[Dataset records]
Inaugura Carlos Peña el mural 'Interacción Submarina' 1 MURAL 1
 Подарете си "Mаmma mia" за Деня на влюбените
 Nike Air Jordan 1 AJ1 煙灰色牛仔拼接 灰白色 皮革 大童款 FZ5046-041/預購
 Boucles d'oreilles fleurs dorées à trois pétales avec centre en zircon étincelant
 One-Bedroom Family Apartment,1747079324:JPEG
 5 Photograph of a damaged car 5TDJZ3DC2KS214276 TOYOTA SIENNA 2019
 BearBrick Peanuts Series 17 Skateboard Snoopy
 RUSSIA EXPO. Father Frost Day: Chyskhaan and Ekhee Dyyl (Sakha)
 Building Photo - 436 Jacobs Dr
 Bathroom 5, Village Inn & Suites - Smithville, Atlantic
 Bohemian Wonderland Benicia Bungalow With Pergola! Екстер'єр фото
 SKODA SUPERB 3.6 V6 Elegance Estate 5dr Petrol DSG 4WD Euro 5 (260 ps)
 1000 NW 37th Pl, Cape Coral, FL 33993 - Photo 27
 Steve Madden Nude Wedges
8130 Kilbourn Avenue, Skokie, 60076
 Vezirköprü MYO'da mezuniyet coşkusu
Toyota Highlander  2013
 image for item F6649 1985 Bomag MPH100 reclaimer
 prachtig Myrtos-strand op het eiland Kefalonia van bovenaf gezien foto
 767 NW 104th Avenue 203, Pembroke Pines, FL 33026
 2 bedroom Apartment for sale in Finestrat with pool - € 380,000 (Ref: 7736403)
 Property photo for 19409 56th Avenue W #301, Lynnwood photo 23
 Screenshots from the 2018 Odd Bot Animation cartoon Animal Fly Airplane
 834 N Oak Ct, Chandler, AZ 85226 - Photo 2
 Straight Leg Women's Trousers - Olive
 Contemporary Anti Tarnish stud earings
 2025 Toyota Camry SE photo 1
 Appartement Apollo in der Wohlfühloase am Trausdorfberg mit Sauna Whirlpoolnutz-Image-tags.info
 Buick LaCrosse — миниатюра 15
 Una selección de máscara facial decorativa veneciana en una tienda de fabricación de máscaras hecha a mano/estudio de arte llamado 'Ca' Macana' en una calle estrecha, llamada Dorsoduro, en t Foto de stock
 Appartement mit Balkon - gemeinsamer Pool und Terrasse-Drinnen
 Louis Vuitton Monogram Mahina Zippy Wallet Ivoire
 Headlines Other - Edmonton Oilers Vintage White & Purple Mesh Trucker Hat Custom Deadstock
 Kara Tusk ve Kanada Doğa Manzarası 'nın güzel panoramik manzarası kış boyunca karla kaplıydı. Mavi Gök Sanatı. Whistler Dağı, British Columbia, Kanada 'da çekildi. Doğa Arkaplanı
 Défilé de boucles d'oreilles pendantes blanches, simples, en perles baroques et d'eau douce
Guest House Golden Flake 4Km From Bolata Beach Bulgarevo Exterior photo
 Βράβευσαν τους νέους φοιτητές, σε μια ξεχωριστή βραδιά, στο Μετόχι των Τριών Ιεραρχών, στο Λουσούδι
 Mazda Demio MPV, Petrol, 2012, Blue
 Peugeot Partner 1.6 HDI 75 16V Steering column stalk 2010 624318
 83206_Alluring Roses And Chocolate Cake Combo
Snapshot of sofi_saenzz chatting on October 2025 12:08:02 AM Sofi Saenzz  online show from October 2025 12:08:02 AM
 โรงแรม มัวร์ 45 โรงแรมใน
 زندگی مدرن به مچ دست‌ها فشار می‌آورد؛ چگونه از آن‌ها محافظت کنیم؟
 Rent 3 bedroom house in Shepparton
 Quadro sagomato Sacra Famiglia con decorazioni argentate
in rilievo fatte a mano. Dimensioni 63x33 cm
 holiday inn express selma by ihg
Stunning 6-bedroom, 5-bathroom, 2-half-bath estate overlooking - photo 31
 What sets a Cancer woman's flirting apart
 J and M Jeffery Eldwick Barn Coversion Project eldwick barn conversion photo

Problem description: Transcribe the data in full, matching every line exactly.

Answer space:
Inaugura Carlos Peña el mural 'Interacción Submarina' 1 MURAL 1
 Подарете си "Mаmma mia" за Деня на влюбените
 Nike Air Jordan 1 AJ1 煙灰色牛仔拼接 灰白色 皮革 大童款 FZ5046-041/預購
 Boucles d'oreilles fleurs dorées à trois pétales avec centre en zircon étincelant
 One-Bedroom Family Apartment,1747079324:JPEG
 5 Photograph of a damaged car 5TDJZ3DC2KS214276 TOYOTA SIENNA 2019
 BearBrick Peanuts Series 17 Skateboard Snoopy
 RUSSIA EXPO. Father Frost Day: Chyskhaan and Ekhee Dyyl (Sakha)
 Building Photo - 436 Jacobs Dr
 Bathroom 5, Village Inn & Suites - Smithville, Atlantic
 Bohemian Wonderland Benicia Bungalow With Pergola! Екстер'єр фото
 SKODA SUPERB 3.6 V6 Elegance Estate 5dr Petrol DSG 4WD Euro 5 (260 ps)
 1000 NW 37th Pl, Cape Coral, FL 33993 - Photo 27
 Steve Madden Nude Wedges
8130 Kilbourn Avenue, Skokie, 60076
 Vezirköprü MYO'da mezuniyet coşkusu
Toyota Highlander  2013
 image for item F6649 1985 Bomag MPH100 reclaimer
 prachtig Myrtos-strand op het eiland Kefalonia van bovenaf gezien foto
 767 NW 104th Avenue 203, Pembroke Pines, FL 33026
 2 bedroom Apartment for sale in Finestrat with pool - € 380,000 (Ref: 7736403)
 Property photo for 19409 56th Avenue W #301, Lynnwood photo 23
 Screenshots from the 2018 Odd Bot Animation cartoon Animal Fly Airplane
 834 N Oak Ct, Chandler, AZ 85226 - Photo 2
 Straight Leg Women's Trousers - Olive
 Contemporary Anti Tarnish stud earings
 2025 Toyota Camry SE photo 1
 Appartement Apollo in der Wohlfühloase am Trausdorfberg mit Sauna Whirlpoolnutz-Image-tags.info
 Buick LaCrosse — миниатюра 15
 Una selección de máscara facial decorativa veneciana en una tienda de fabricación de máscaras hecha a mano/estudio de arte llamado 'Ca' Macana' en una calle estrecha, llamada Dorsoduro, en t Foto de stock
 Appartement mit Balkon - gemeinsamer Pool und Terrasse-Drinnen
 Louis Vuitton Monogram Mahina Zippy Wallet Ivoire
 Headlines Other - Edmonton Oilers Vintage White & Purple Mesh Trucker Hat Custom Deadstock
 Kara Tusk ve Kanada Doğa Manzarası 'nın güzel panoramik manzarası kış boyunca karla kaplıydı. Mavi Gök Sanatı. Whistler Dağı, British Columbia, Kanada 'da çekildi. Doğa Arkaplanı
 Défilé de boucles d'oreilles pendantes blanches, simples, en perles baroques et d'eau douce
Guest House Golden Flake 4Km From Bolata Beach Bulgarevo Exterior photo
 Βράβευσαν τους νέους φοιτητές, σε μια ξεχωριστή βραδιά, στο Μετόχι των Τριών Ιεραρχών, στο Λουσούδι
 Mazda Demio MPV, Petrol, 2012, Blue
 Peugeot Partner 1.6 HDI 75 16V Steering column stalk 2010 624318
 83206_Alluring Roses And Chocolate Cake Combo
Snapshot of sofi_saenzz chatting on October 2025 12:08:02 AM Sofi Saenzz  online show from October 2025 12:08:02 AM
 โรงแรม มัวร์ 45 โรงแรมใน
 زندگی مدرن به مچ دست‌ها فشار می‌آورد؛ چگونه از آن‌ها محافظت کنیم؟
 Rent 3 bedroom house in Shepparton
 Quadro sagomato Sacra Famiglia con decorazioni argentate
in rilievo fatte a mano. Dimensioni 63x33 cm
 holiday inn express selma by ihg
Stunning 6-bedroom, 5-bathroom, 2-half-bath estate overlooking - photo 31
 What sets a Cancer woman's flirting apart
 J and M Jeffery Eldwick Barn Coversion Project eldwick barn conversion photo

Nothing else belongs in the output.